Remember the AI twitter-bot from Microsoft? She got beaten within a day. I have never trolled anyone, and unless this was a particularly hostile bot, I wasn’t going to start. That being said, recent research suggests that under the right conditions — anyone can become a troll.
And I think they’re right.
Chat-bots were popular during college. I think it’s name was Oliver-bot, and I would spend hours with friends on separate machines putting difficult questions to it, checking if it could recall anything I told it and at times, being abusive just to see what it would say.
“While prior work suggests that trolling behavior is confined to a vocal and anti-social minority, ordinary people can, under the right circumstances, behave like trolls.” -Cristian Danescu-Niculescu-Mizil.
ALICE was programmed exactly like Oliver-bot, immediately transporting me back to my youth. The thing is, knowing my transcripts would be read I didn’t talk to ALICE in the same way I used to with Oliver-bot.
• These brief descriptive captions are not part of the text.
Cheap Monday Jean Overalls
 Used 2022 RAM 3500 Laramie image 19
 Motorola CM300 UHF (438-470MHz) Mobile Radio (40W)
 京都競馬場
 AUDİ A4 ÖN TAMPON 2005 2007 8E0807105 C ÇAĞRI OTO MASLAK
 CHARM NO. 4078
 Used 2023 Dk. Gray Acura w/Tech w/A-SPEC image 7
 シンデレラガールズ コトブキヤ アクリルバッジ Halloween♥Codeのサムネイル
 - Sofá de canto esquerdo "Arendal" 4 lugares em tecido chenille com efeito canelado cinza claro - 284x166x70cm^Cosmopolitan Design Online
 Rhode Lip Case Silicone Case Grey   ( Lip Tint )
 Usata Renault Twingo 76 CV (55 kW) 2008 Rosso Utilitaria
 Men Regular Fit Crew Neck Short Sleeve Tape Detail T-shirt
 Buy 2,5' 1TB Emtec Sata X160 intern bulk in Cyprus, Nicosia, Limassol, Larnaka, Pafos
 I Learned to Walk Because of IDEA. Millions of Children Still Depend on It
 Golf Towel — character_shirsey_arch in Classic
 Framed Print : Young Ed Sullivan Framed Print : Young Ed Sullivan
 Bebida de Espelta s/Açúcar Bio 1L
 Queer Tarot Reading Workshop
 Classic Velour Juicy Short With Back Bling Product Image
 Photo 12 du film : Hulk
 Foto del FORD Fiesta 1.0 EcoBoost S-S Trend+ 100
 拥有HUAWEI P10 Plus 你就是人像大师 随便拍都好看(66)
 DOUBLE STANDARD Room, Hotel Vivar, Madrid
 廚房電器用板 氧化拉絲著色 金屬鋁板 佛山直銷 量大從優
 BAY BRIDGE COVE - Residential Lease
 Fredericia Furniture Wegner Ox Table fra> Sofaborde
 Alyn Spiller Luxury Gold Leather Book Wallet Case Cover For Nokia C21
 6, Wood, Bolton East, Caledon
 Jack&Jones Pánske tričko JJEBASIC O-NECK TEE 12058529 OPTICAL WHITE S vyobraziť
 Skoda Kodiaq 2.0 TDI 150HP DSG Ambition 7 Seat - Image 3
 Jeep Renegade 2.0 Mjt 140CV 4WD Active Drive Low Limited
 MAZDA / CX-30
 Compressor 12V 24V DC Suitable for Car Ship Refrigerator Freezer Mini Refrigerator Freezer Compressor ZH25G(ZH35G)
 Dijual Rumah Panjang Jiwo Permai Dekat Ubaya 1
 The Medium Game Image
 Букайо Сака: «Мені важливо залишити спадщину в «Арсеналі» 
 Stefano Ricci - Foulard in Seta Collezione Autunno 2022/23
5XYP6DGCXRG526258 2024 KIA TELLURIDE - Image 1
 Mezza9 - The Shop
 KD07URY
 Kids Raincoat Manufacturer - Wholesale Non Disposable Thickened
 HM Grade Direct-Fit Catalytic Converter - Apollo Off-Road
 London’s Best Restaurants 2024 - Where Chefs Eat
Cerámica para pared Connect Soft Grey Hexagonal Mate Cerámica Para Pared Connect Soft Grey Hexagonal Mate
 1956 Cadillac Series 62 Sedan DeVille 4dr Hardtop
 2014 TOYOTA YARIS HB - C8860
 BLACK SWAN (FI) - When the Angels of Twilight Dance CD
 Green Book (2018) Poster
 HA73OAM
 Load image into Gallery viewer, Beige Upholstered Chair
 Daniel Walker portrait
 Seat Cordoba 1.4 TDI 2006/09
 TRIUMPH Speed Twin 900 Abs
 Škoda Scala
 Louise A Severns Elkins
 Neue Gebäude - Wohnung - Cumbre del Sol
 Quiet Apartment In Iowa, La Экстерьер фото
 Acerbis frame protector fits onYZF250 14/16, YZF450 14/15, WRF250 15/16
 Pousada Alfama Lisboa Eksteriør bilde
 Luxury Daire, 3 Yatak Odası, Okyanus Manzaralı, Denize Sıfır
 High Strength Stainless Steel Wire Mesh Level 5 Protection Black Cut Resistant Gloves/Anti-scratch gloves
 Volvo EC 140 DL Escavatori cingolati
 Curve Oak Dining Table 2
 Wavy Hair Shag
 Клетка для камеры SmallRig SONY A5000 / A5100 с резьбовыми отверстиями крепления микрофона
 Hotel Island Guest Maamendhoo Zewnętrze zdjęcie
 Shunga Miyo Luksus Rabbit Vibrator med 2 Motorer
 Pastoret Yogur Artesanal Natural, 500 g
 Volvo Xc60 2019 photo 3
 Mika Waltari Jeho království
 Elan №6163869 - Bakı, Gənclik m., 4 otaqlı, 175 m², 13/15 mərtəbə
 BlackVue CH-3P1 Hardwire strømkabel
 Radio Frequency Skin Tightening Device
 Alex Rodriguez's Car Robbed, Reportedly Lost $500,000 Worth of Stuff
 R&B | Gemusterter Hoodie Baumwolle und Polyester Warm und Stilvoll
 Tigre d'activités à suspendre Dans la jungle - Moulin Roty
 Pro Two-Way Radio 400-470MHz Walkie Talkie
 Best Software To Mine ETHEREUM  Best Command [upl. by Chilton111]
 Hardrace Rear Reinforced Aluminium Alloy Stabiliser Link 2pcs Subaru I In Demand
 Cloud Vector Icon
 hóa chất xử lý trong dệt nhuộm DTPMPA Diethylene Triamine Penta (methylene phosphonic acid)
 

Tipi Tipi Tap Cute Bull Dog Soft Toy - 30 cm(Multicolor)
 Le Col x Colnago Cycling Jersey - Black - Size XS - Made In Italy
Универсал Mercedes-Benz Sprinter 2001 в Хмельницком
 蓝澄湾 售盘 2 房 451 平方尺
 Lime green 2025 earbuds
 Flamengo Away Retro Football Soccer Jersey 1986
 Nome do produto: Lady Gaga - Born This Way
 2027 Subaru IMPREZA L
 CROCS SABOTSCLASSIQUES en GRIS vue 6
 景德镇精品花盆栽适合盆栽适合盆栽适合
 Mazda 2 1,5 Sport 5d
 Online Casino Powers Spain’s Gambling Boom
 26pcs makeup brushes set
I kept my emotions separate, didn’t insult or feel the urge to.
Not receiving a debriefing due to living far away from the session, I still wonder if the title of the original paper was given to participants to see if we would adhere to politeness during the chat sessions.
As far as anthropomorphism is concerned, my specific brain’s need to place a conscious value on androids and robots, combined with a love for Philip K Dick, Asimov and the like undoubtedly contributes to my interactions with anything that can communicate; living or otherwise.
But here’s the deal — we knew our transcripts would be read and analyzed, and would you really want people to know how much of a jerk you can be when nobody’s getting their feelings hurt?
I was certainly not going to be an unfriendly user — not with an audience. And maybe that’s as morally sound as humans will ever be.